Konservative Stützen des politischen Modells
Eine weitere Neuerung während Putins dritter Amtszeit ist der Aufschwung konservativer Ideen in der Rhetorik Moskaus, die sowohl ins Inland wie auch ins Ausland gerichtet sind. Die Rhetorik ist nun reich an Referenzen an russische nationale Traditionen, den orthodoxen Glauben und eine moralische Bestimmung der »Russischen Welt« die den westlichen Gesellschaften gegenüber, denen wegen ihres »moralischen Verfalls« ein Niedergang attestiert wird, überlegen sei. Der Westen wird als Aggressor gesehen, der in Russlands Interessensphäre vordringt, und als Quelle alternativer politischer und bürgerlicher Werte.
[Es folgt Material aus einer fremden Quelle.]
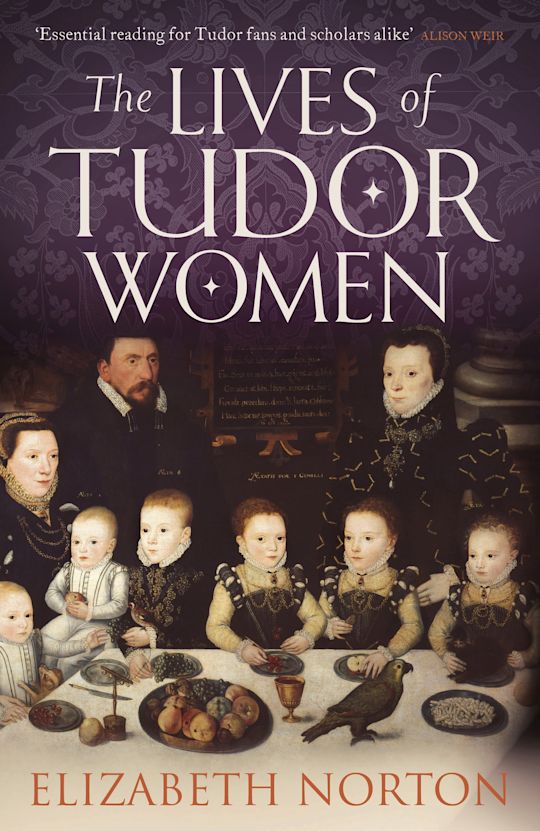 The Lives of Tudor Women cover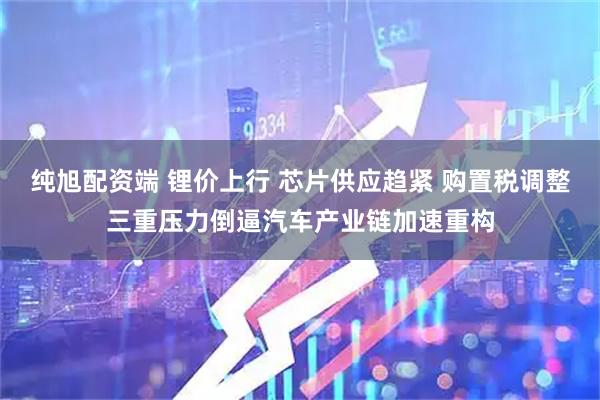 纯旭配资端 锂价上行 芯片供应趋紧 购置税调整三重压力倒逼汽车产业链加速重构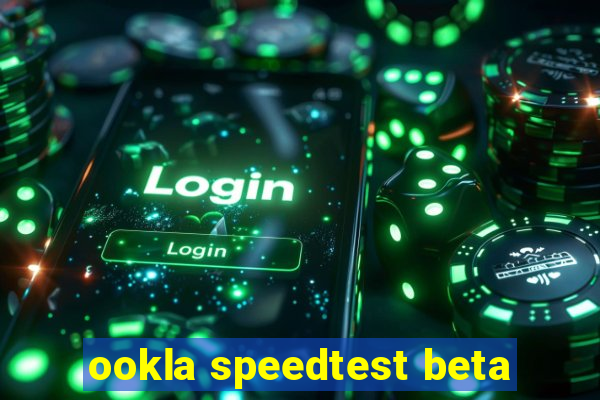 ookla speedtest beta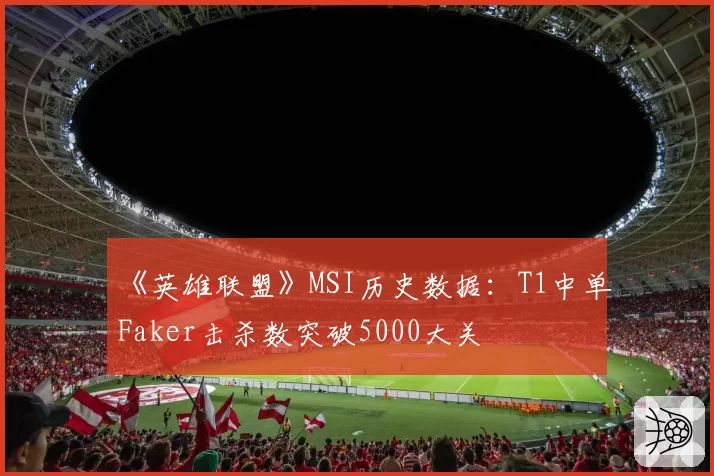《英雄联盟》MSI历史数据:T1中单Faker击杀数突破5000大关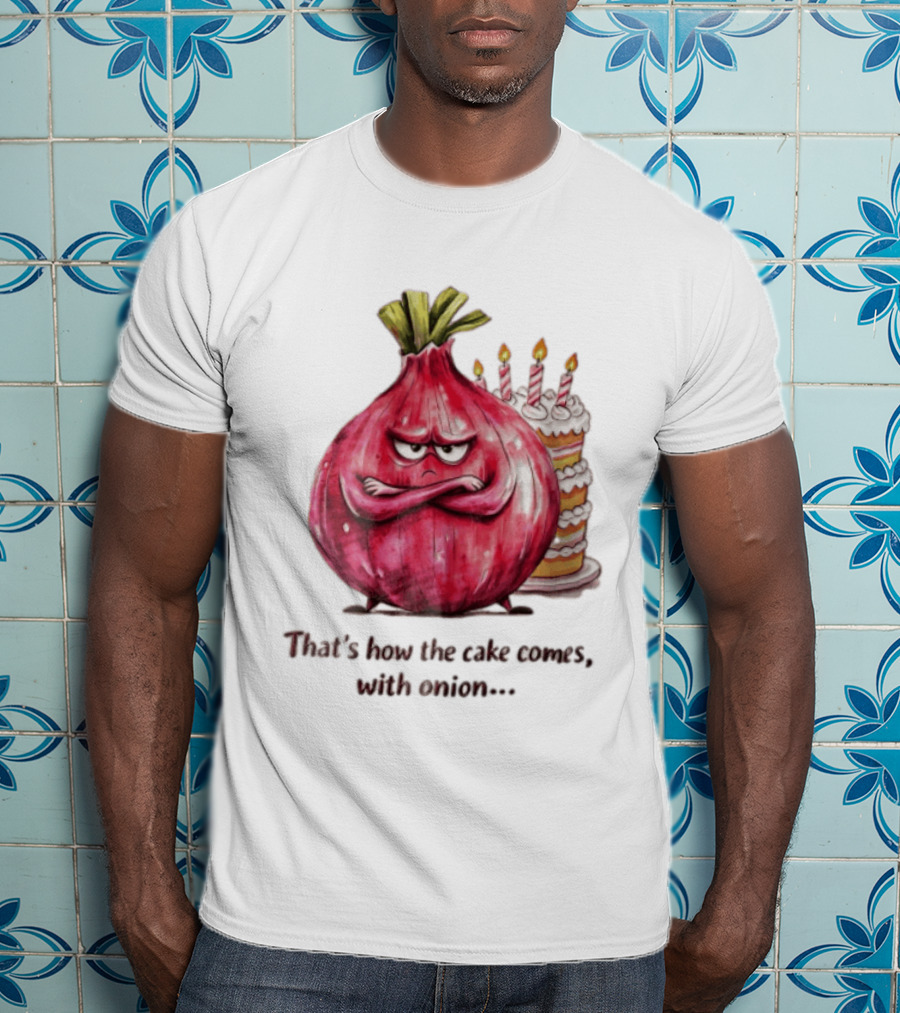 That's How The Cake Comes With Angry Red Onion T-Shirt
Wenn auch moralische Begrifflichkeiten in dieser Rhetorik überwiegen, besteht das Rückgrat in Wirklichkeit in einer Opposition zum westlichen Regierungsmodell und den Beziehungen zwischen Staat und Gesellschaft dort.
Während in der Mentalität der herrschenden Gruppe in Russland (die noch aus deren KGB-Vergangenheit herrührt) antiwestliche Ansichten tief verwurzelt sind, sollten die konservativen Werte, die sie vertreten, nicht als Abbild ihrer echten Ansichten oder Grundideologie behandelt werden. Vielmehr ist der Konservatismus zu einem politischen Projekt geworden, das aktuellen Zielen dienen soll, also einer ideologischen Unterfütterung für Putins Herrschaftssystem. Es ist also mit anderen Worten das Ziel, ein (post)sowjetisches Herrschaftsmodell zu bewahren (»konservieren«), eines, das von oben nach unten ausgerichtet ist, mit einer klaren Grenze zwischen Herrschenden und Beherrschten und mit einer zentralisierten und personalisierten Macht, die der Gesellschaft gegenüber nicht verantwortlich ist. Die von Putin propagierte Vision ist weniger als »konservativ« zu bezeichnen, sondern eher »reaktionär« und »rückwärtsgewandt«. Die Maßnahmen, die unter dem Banner des Konservatismus laufen im Kern auf eine Beschneidung der bürgerlichen Freiheiten hinaus. Die Gesetze, die das Parlament nach Absegnung durch den Kreml verabschiedet hat, stellen verschieden Formen politischer und sozialer Aktivität unter Strafe, schnüren den Griff des Staates um das Internet und die Meinungsfreiheit enger, verstärken die Kontrolle über Bürgerinitiativen (NGOs) und stellen »unmoralische Handlungen« und eine »Verletzung der Gefühle von Gläubigen« unter Strafe.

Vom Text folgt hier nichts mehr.